The answer should match the records character for character.

---+---

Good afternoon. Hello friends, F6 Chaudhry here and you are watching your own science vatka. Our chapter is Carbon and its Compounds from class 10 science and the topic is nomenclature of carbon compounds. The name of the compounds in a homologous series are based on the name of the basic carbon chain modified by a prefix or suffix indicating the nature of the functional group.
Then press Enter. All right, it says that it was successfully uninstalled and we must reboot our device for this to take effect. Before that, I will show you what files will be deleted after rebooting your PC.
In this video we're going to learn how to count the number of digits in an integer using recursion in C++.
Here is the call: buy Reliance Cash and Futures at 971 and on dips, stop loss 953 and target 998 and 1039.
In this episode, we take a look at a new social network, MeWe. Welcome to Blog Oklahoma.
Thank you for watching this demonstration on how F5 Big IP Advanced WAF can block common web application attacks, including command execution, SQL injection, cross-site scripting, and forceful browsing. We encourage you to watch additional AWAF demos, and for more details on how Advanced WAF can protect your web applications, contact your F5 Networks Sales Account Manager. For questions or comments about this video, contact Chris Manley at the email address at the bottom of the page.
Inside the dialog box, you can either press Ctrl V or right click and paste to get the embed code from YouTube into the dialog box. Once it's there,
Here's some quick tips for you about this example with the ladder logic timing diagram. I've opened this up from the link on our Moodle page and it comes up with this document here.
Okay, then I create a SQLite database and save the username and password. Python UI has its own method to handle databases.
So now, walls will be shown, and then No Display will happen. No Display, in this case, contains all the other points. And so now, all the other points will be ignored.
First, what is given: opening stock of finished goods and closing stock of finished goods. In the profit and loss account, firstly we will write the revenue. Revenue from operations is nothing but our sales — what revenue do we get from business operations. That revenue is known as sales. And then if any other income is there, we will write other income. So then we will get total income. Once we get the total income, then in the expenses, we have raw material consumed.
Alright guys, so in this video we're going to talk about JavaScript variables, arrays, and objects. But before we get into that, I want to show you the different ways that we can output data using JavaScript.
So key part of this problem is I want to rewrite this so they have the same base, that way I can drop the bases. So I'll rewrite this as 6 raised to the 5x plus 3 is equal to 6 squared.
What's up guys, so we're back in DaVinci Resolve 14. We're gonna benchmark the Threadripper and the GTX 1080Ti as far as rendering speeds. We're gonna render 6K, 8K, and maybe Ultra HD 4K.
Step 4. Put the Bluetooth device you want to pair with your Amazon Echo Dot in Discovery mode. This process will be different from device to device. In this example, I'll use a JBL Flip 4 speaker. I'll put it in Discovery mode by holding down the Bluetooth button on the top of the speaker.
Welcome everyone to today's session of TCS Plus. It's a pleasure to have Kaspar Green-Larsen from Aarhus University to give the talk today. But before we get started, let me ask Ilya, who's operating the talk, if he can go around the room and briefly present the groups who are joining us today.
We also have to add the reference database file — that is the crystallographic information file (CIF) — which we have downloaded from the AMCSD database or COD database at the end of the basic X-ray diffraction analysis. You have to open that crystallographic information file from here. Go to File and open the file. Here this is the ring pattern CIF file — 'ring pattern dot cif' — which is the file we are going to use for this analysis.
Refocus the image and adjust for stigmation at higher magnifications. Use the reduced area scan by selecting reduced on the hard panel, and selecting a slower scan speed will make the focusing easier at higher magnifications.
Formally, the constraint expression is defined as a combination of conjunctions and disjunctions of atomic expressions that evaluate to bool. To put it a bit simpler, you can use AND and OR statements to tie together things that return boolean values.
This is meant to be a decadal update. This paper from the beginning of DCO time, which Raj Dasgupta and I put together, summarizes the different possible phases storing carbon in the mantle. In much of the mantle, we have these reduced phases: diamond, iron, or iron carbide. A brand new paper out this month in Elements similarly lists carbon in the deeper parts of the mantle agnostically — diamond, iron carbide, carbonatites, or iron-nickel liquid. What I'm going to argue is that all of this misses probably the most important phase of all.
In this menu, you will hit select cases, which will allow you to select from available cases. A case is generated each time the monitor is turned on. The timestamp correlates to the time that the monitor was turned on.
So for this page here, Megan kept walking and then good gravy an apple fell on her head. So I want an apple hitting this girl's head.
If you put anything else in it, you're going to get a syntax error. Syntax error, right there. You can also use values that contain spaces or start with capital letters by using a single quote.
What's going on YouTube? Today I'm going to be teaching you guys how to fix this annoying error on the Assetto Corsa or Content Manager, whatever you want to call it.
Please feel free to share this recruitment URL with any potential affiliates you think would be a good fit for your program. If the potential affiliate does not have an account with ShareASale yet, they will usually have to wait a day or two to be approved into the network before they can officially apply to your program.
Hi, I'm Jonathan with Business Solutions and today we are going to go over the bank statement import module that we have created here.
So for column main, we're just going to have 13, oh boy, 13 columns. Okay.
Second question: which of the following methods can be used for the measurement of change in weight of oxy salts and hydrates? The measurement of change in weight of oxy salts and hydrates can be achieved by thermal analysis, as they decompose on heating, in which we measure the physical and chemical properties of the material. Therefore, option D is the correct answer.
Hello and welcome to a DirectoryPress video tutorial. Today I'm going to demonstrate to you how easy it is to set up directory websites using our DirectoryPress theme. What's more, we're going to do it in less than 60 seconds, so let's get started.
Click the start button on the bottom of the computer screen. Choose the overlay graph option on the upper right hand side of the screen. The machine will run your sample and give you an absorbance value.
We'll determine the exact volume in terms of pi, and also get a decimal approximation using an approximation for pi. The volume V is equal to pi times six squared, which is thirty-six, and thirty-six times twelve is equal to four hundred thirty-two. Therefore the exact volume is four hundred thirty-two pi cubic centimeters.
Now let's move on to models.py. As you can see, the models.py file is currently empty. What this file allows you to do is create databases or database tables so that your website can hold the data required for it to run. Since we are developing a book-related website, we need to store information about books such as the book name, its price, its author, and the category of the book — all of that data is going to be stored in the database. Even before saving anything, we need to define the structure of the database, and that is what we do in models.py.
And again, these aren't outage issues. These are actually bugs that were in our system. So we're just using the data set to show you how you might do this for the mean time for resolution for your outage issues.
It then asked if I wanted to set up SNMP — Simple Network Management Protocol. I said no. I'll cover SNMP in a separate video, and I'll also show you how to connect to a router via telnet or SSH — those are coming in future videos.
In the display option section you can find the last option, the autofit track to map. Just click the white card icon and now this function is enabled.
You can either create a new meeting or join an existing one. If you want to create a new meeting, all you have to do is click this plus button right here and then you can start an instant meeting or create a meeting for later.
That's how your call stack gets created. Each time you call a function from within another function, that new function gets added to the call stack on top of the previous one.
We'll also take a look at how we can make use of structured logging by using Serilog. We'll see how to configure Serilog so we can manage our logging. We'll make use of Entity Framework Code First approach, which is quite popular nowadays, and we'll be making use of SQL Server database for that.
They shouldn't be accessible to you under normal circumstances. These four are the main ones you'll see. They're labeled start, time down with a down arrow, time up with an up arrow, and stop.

---+---

=== Exercise response ===
Good afternoon. Hello friends, F6 Chaudhry here and you are watching your own science vatka. Our chapter is Carbon and its Compounds from class 10 science and the topic is nomenclature of carbon compounds. The name of the compounds in a homologous series are based on the name of the basic carbon chain modified by a prefix or suffix indicating the nature of the functional group.
Then press Enter. All right, it says that it was successfully uninstalled and we must reboot our device for this to take effect. Before that, I will show you what files will be deleted after rebooting your PC.
In this video we're going to learn how to count the number of digits in an integer using recursion in C++.
Here is the call: buy Reliance Cash and Futures at 971 and on dips, stop loss 953 and target 998 and 1039.
In this episode, we take a look at a new social network, MeWe. Welcome to Blog Oklahoma.
Thank you for watching this demonstration on how F5 Big IP Advanced WAF can block common web application attacks, including command execution, SQL injection, cross-site scripting, and forceful browsing. We encourage you to watch additional AWAF demos, and for more details on how Advanced WAF can protect your web applications, contact your F5 Networks Sales Account Manager. For questions or comments about this video, contact Chris Manley at the email address at the bottom of the page.
Inside the dialog box, you can either press Ctrl V or right click and paste to get the embed code from YouTube into the dialog box. Once it's there,
Here's some quick tips for you about this example with the ladder logic timing diagram. I've opened this up from the link on our Moodle page and it comes up with this document here.
Okay, then I create a SQLite database and save the username and password. Python UI has its own method to handle databases.
So now, walls will be shown, and then No Display will happen. No Display, in this case, contains all the other points. And so now, all the other points will be ignored.
First, what is given: opening stock of finished goods and closing stock of finished goods. In the profit and loss account, firstly we will write the revenue. Revenue from operations is nothing but our sales — what revenue do we get from business operations. That revenue is known as sales. And then if any other income is there, we will write other income. So then we will get total income. Once we get the total income, then in the expenses, we have raw material consumed.
Alright guys, so in this video we're going to talk about JavaScript variables, arrays, and objects. But before we get into that, I want to show you the different ways that we can output data using JavaScript.
So key part of this problem is I want to rewrite this so they have the same base, that way I can drop the bases. So I'll rewrite this as 6 raised to the 5x plus 3 is equal to 6 squared.
What's up guys, so we're back in DaVinci Resolve 14. We're gonna benchmark the Threadripper and the GTX 1080Ti as far as rendering speeds. We're gonna render 6K, 8K, and maybe Ultra HD 4K.
Step 4. Put the Bluetooth device you want to pair with your Amazon Echo Dot in Discovery mode. This process will be different from device to device. In this example, I'll use a JBL Flip 4 speaker. I'll put it in Discovery mode by holding down the Bluetooth button on the top of the speaker.
Welcome everyone to today's session of TCS Plus. It's a pleasure to have Kaspar Green-Larsen from Aarhus University to give the talk today. But before we get started, let me ask Ilya, who's operating the talk, if he can go around the room and briefly present the groups who are joining us today.
We also have to add the reference database file — that is the crystallographic information file (CIF) — which we have downloaded from the AMCSD database or COD database at the end of the basic X-ray diffraction analysis. You have to open that crystallographic information file from here. Go to File and open the file. Here this is the ring pattern CIF file — 'ring pattern dot cif' — which is the file we are going to use for this analysis.
Refocus the image and adjust for stigmation at higher magnifications. Use the reduced area scan by selecting reduced on the hard panel, and selecting a slower scan speed will make the focusing easier at higher magnifications.
Formally, the constraint expression is defined as a combination of conjunctions and disjunctions of atomic expressions that evaluate to bool. To put it a bit simpler, you can use AND and OR statements to tie together things that return boolean values.
This is meant to be a decadal update. This paper from the beginning of DCO time, which Raj Dasgupta and I put together, summarizes the different possible phases storing carbon in the mantle. In much of the mantle, we have these reduced phases: diamond, iron, or iron carbide. A brand new paper out this month in Elements similarly lists carbon in the deeper parts of the mantle agnostically — diamond, iron carbide, carbonatites, or iron-nickel liquid. What I'm going to argue is that all of this misses probably the most important phase of all.
In this menu, you will hit select cases, which will allow you to select from available cases. A case is generated each time the monitor is turned on. The timestamp correlates to the time that the monitor was turned on.
So for this page here, Megan kept walking and then good gravy an apple fell on her head. So I want an apple hitting this girl's head.
If you put anything else in it, you're going to get a syntax error. Syntax error, right there. You can also use values that contain spaces or start with capital letters by using a single quote.
What's going on YouTube? Today I'm going to be teaching you guys how to fix this annoying error on the Assetto Corsa or Content Manager, whatever you want to call it.
Please feel free to share this recruitment URL with any potential affiliates you think would be a good fit for your program. If the potential affiliate does not have an account with ShareASale yet, they will usually have to wait a day or two to be approved into the network before they can officially apply to your program.
Hi, I'm Jonathan with Business Solutions and today we are going to go over the bank statement import module that we have created here.
So for column main, we're just going to have 13, oh boy, 13 columns. Okay.
Second question: which of the following methods can be used for the measurement of change in weight of oxy salts and hydrates? The measurement of change in weight of oxy salts and hydrates can be achieved by thermal analysis, as they decompose on heating, in which we measure the physical and chemical properties of the material. Therefore, option D is the correct answer.
Hello and welcome to a DirectoryPress video tutorial. Today I'm going to demonstrate to you how easy it is to set up directory websites using our DirectoryPress theme. What's more, we're going to do it in less than 60 seconds, so let's get started.
Click the start button on the bottom of the computer screen. Choose the overlay graph option on the upper right hand side of the screen. The machine will run your sample and give you an absorbance value.
We'll determine the exact volume in terms of pi, and also get a decimal approximation using an approximation for pi. The volume V is equal to pi times six squared, which is thirty-six, and thirty-six times twelve is equal to four hundred thirty-two. Therefore the exact volume is four hundred thirty-two pi cubic centimeters.
Now let's move on to models.py. As you can see, the models.py file is currently empty. What this file allows you to do is create databases or database tables so that your website can hold the data required for it to run. Since we are developing a book-related website, we need to store information about books such as the book name, its price, its author, and the category of the book — all of that data is going to be stored in the database. Even before saving anything, we need to define the structure of the database, and that is what we do in models.py.
And again, these aren't outage issues. These are actually bugs that were in our system. So we're just using the data set to show you how you might do this for the mean time for resolution for your outage issues.
It then asked if I wanted to set up SNMP — Simple Network Management Protocol. I said no. I'll cover SNMP in a separate video, and I'll also show you how to connect to a router via telnet or SSH — those are coming in future videos.
In the display option section you can find the last option, the autofit track to map. Just click the white card icon and now this function is enabled.
You can either create a new meeting or join an existing one. If you want to create a new meeting, all you have to do is click this plus button right here and then you can start an instant meeting or create a meeting for later.
That's how your call stack gets created. Each time you call a function from within another function, that new function gets added to the call stack on top of the previous one.
We'll also take a look at how we can make use of structured logging by using Serilog. We'll see how to configure Serilog so we can manage our logging. We'll make use of Entity Framework Code First approach, which is quite popular nowadays, and we'll be making use of SQL Server database for that.
They shouldn't be accessible to you under normal circumstances. These four are the main ones you'll see. They're labeled start, time down with a down arrow, time up with an up arrow, and stop.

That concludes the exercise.